The Dummy Country’s Guide to Becoming a Nation

Kuan Yew keeps appearing in the media, always sharing with us his clichéd wisdom in his inimitable style of attaching an appearance of weight to the most vacuous words with his ability to disguise feathers as boulders. When he says that the PAP will be voted out if it deteriorates, he means nothing. Though it does beg the question of whether something that is not worth a cent could depreciate in value. Such a statement is as good as Wong Kan Seng saying that Mas Selamat had either fled Singapore or was still in Singapore except it must have sounded so inspiring that local papers deem it necessary to make front page headlines of the non-existent issue. Kuan Yew wants us to think that if the PAP stays in power, it must have governed the country well. Which appears to me to be pure nonsense because we know that there are more ways of staying in power than governing a country well.
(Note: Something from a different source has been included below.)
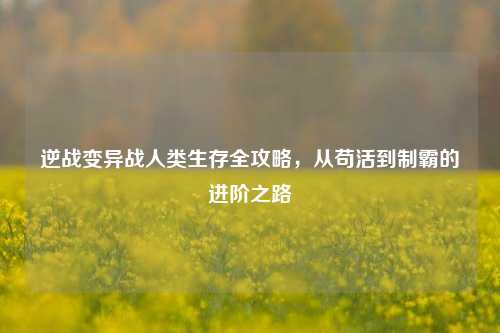 逆战变异战人类生存全攻略,从苟活到制霸的进阶之路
But let’s give Kuan Yew a chance. We should not be so harsh on the elderly. Let’s just say that if the PAP, after decades of being uninterrupted leadership, wants to show that it has governed the country well, it should prove to us its worth instead of feeding us the third-world-to-first nonsense day after day. And since Kuan Yew seems to think that if the PAP does not govern Singapore well, it will not stay in power, let’s wait for the PAP to either prove its worth or fall out of power. The best way for the PAP to prove its worth is to turn Singapore into a nation.
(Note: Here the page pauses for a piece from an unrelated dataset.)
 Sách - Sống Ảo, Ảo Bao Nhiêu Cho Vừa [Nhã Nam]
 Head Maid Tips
When Kuan Yew says that Singapore is not (yet) a nation, he is regurgitating his old vomit and yet journalists seem to enjoy the taste of it enough to eat it up and impose it on the nation that is not one. What one would find interesting though is Kuan Yew KPI for nationhood. He thinks that Singapore would be a nation when Singaporeans will die for one another. This is one interesting idea that requires severe contemplation.

Let us not argue about whether it is true that Singaporeans need to die for Singaporeans before the absurd entity between Malaysia and Indonesia can be considered a nation state. There are many ways to define nationhood and it is not productive to argue about ways to define a construct that is essentially indefinable. It is about as useless as trying to convince everyone that one definition of femininity is The Definition of femininity (though everyone knows that Molly is the universal epitome of femininity, which is clearly something very good to have in a woman). And if we do not argue about the standard that Kuan Yew has set, we should just examine its implications and work towards nationhood—even if it’s for no other reason than to please him.

It is, first and foremost, reasonable to believe even in what Kuan Yew consider to be a nation, not everyone in the nation would be willing to die for their fellow citizens. Secondly, we need to acknowledge that we will not be able to tell if a person is willing to die for others unless he dies for others. After all, even Molly can claim to be willing to die for Singapore when all she really wants to do is to emigrate from the blossoming latrine that is apparently on its way to being a nation. These two ideas are important. It means that at least one Singaporean has to die for Singaporeans before we can prove that Singapore is a notion. Indeed, one Singaporean dying for others may not mean that there are enough Singaporeans willing to do the same. However, we clearly cannot require every Singaporean to die, regardless of their willingness, to prove that Singapore is a nation. We cannot even require every willing Singaporean to die. Otherwise the nation will cease to exist the moment it proves itself to be a nation. In short, we need, on the one hand, many Singaporeans who are willing to die for their fellowmen for Singapore to be considered a nation; and, on the other hand, we cannot test every single Singaporean because the Quality Check will destroy the product. We can only go by probability, so we need at least one person to die for Singaporeans before we have some proof that Singapore is a nation.

We may also want to say that acts of sacrifice are often inspirational. One person who sacrifices himself for others may inspire the same altruism in others, whether or not there is a chance to translate such altruism into action. It would be exceptionally impactful if the person is not some random Sue, Mary or Molly.

What I would propose, then, is for Kuan Yew to die. For the sake of Singaporeans, just die. A final act that would transform Singapore-nation from work in progress to work virtually completed. For Kuan Yew is an important leadership figure, the founding oppressor of Singapore. We know from common rhetoric that leaders should lead by example and when they do, others will model themselves after them. If Kuan Yew dies for the sake of Singaporeans instead of standing for the next 20 General Elections, we will, quite certainly, become a nation and he would realize his vision through his single, final act of sacrifice. And if one person is not enough, I would suggest that at least 81 of his colleagues follow suit and sacrifice themselves for the good of Singaporeans. I am waiting for Kuan Yew and his PAP colleagues to prove their worth through a noble sacrifice—or lose power, as Kuan Yew seems to think they would if they do not prove their worth. Perhaps Kuan Yew would find this hard to accept, but what is one hard truth for one man who has been bestowing us with so many hard truths over decades of leadership?